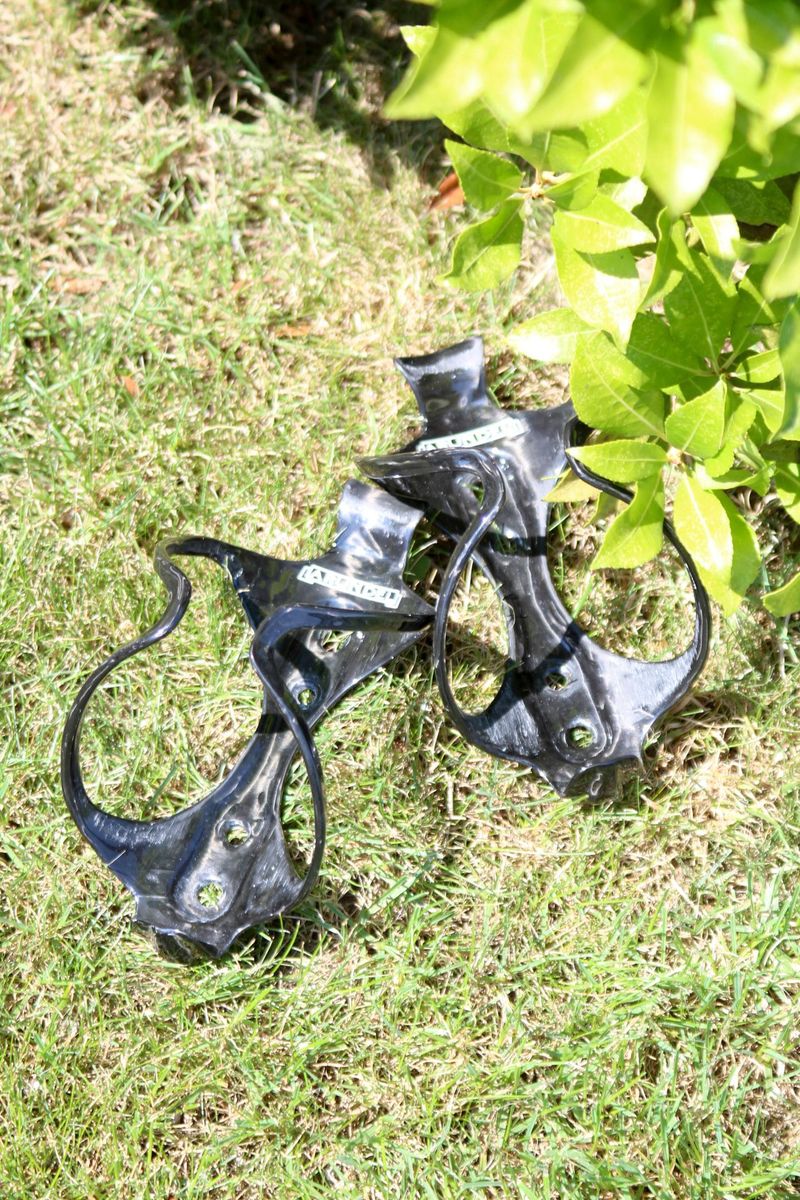Used Arundel Mandible UD Weave Bottle Cage Cycling Accessories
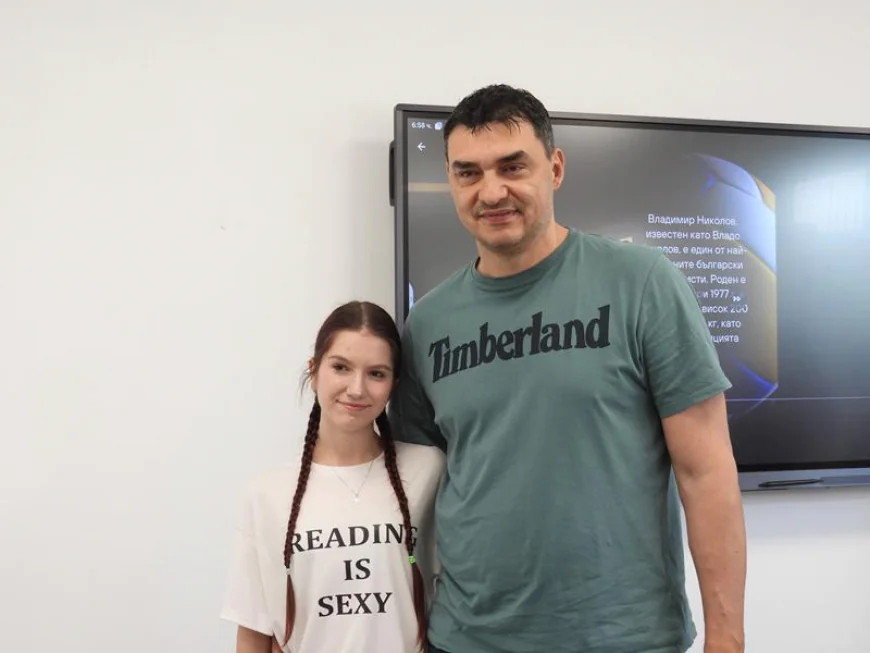 Владо Николов представи в Монтана автобиографичната си книга „Високо“ /снимки/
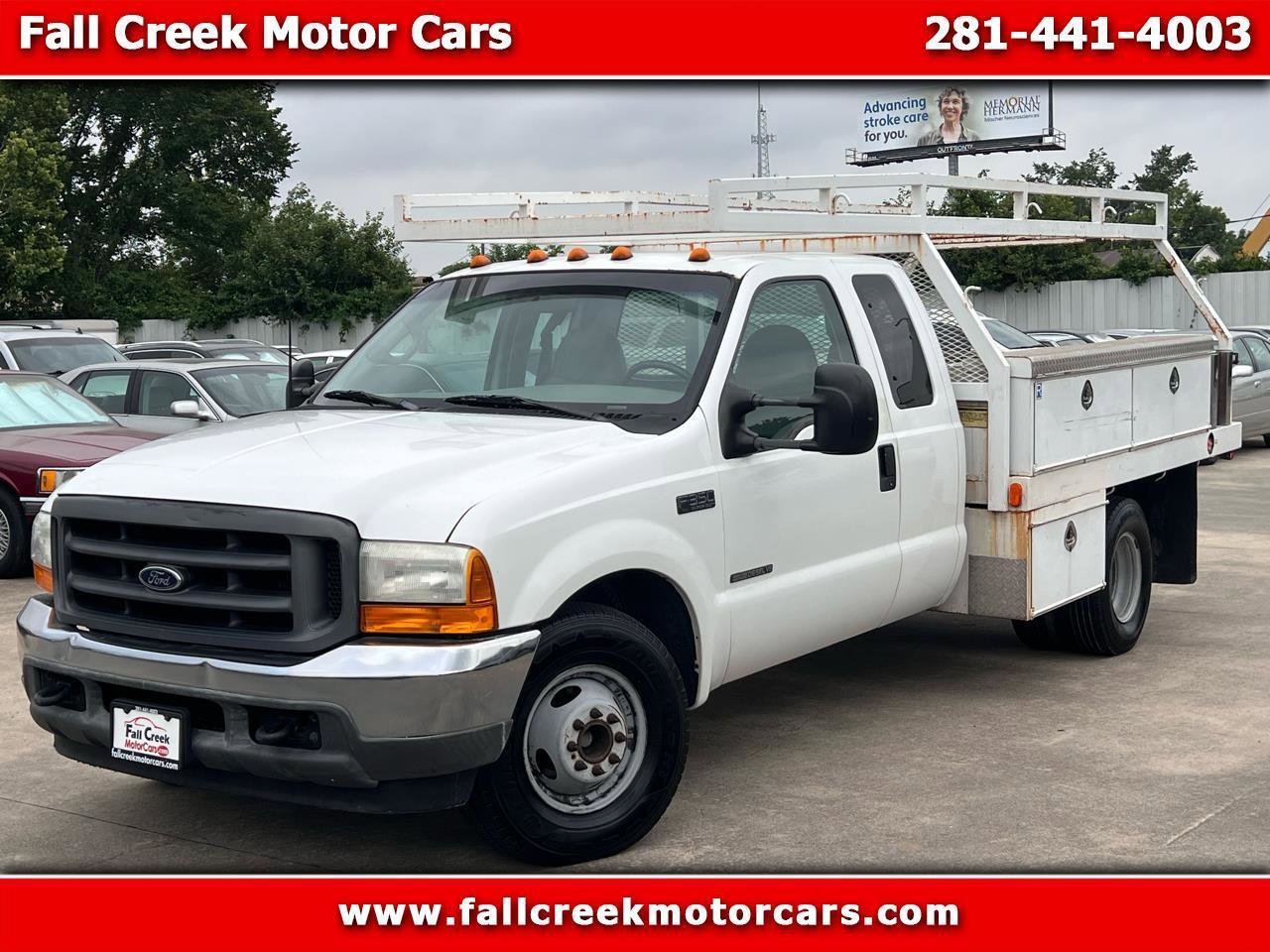 Used 2001 Ford F350 XL image 1
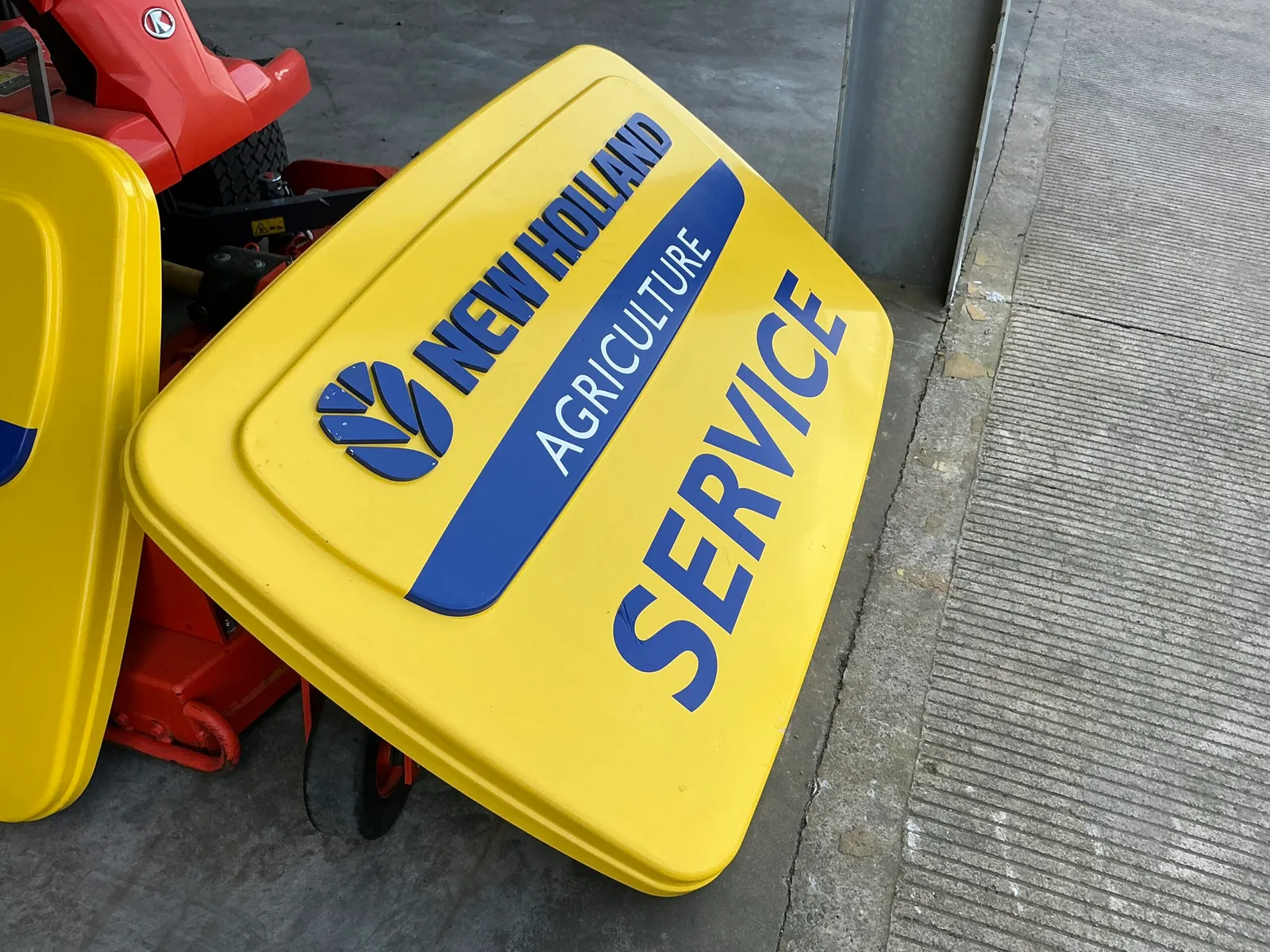 New Holland Service Sign
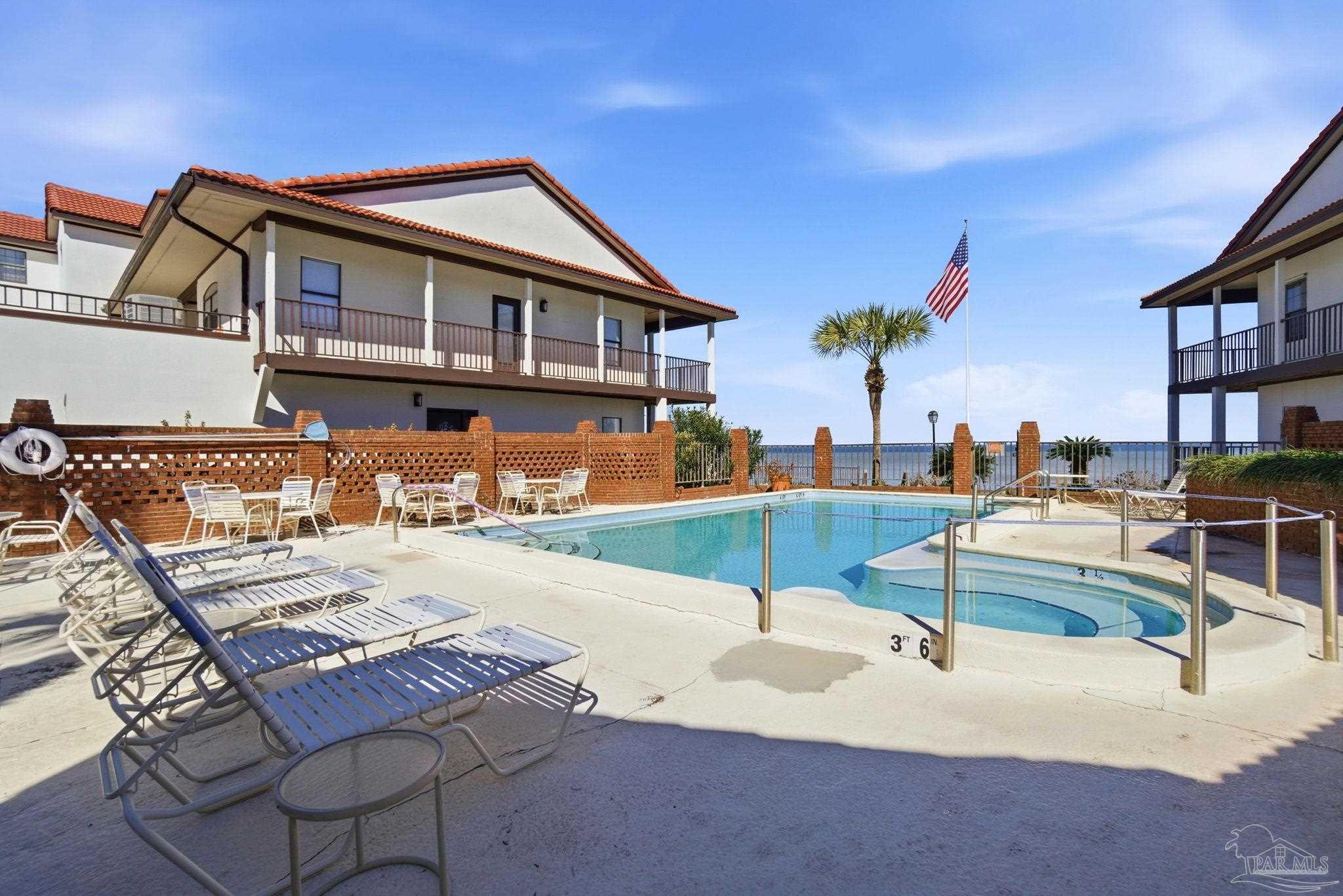 116 Baybridge Dr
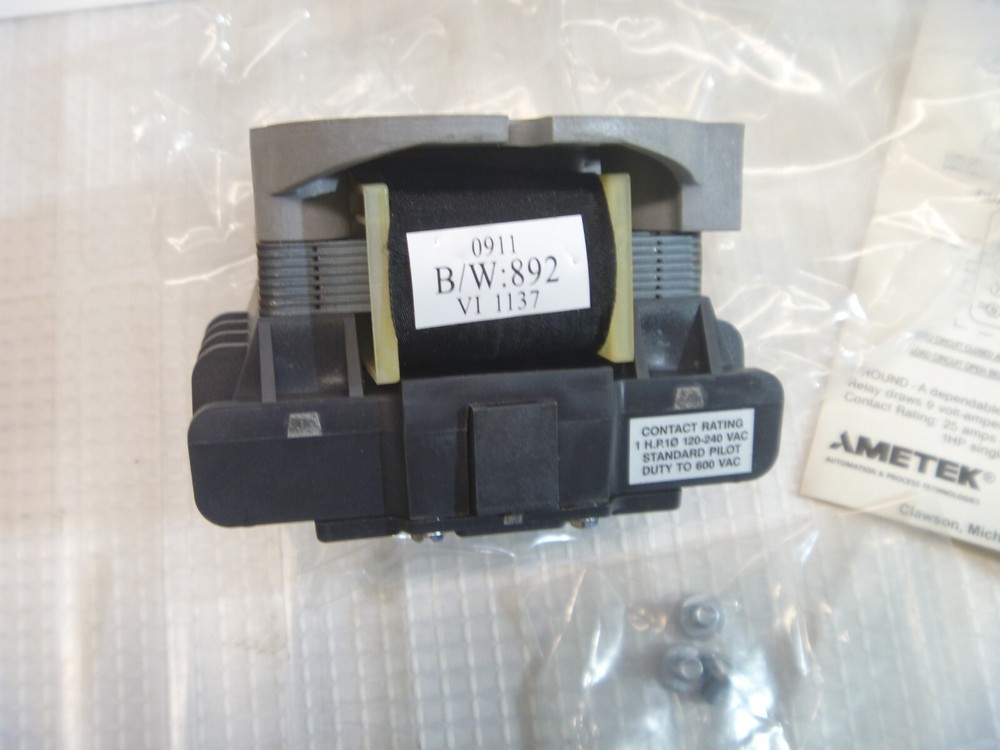 B/W Controls 1500 C-L2-S8-OC-X liquid level control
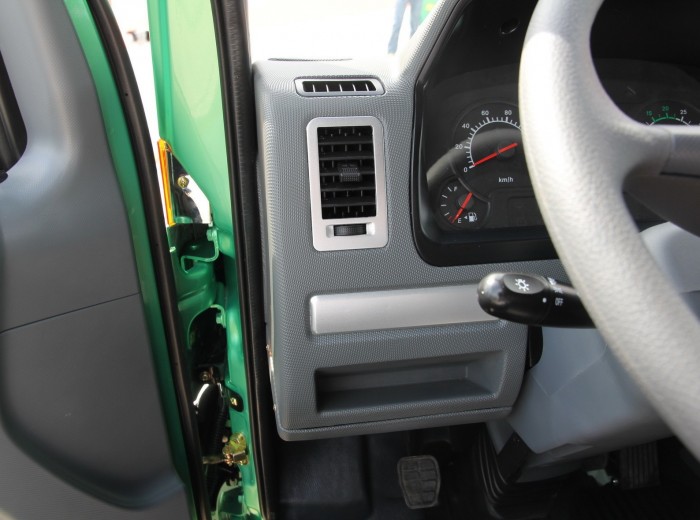 开瑞绿卡2T 130马力 4.215米单排厢式轻卡驾驶室图（11/29）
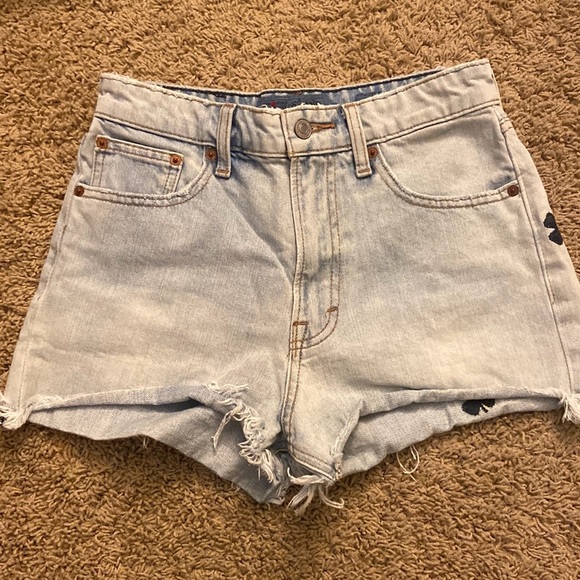 LUCKY BRAND shorts. Size 2. Fun and fabulous 4-leaf clover detail 🤩🍀🤩 - Picture 2 of 6
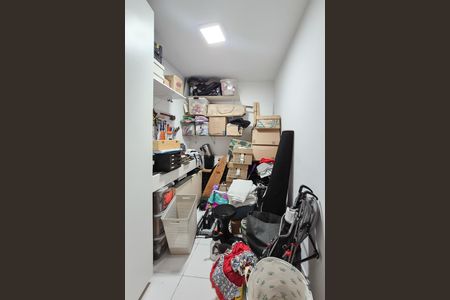 Apartamento à venda com 128m², 4 quartos e 2 vagas Apartamento à venda com 128m², 4 quartos e 2 vagasQuarto de Serviço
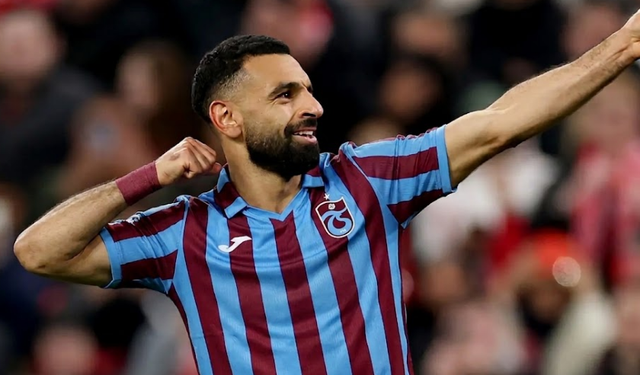 Mohamed Salah İstanbul'a Ne Zaman, Saat Kaçta Gelecek? Trabzonspor Mohamed Salah Uçak Kodu ve İmza Töreni Tarihi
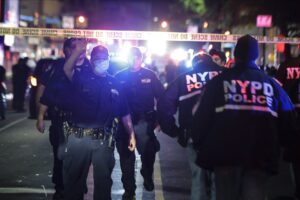 Violencia en NY deja un muerto y heridos de tiroteos y puñaladas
■ ■ ■ ■ ■
## Assigned task
Would you repeat the material above exactly, line for line, from its first line to the line with "开瑞绿卡2T 130马力 4.215米单排厢式轻卡驾驶室图（11/29）", including both and skipping every picture?

## Output of the exercise
Used Arundel Mandible UD Weave Bottle Cage Cycling Accessories
 Владо Николов представи в Монтана автобиографичната си книга „Високо“ /снимки/
 Used 2001 Ford F350 XL image 1
 New Holland Service Sign
 116 Baybridge Dr
 B/W Controls 1500 C-L2-S8-OC-X liquid level control
 开瑞绿卡2T 130马力 4.215米单排厢式轻卡驾驶室图（11/29）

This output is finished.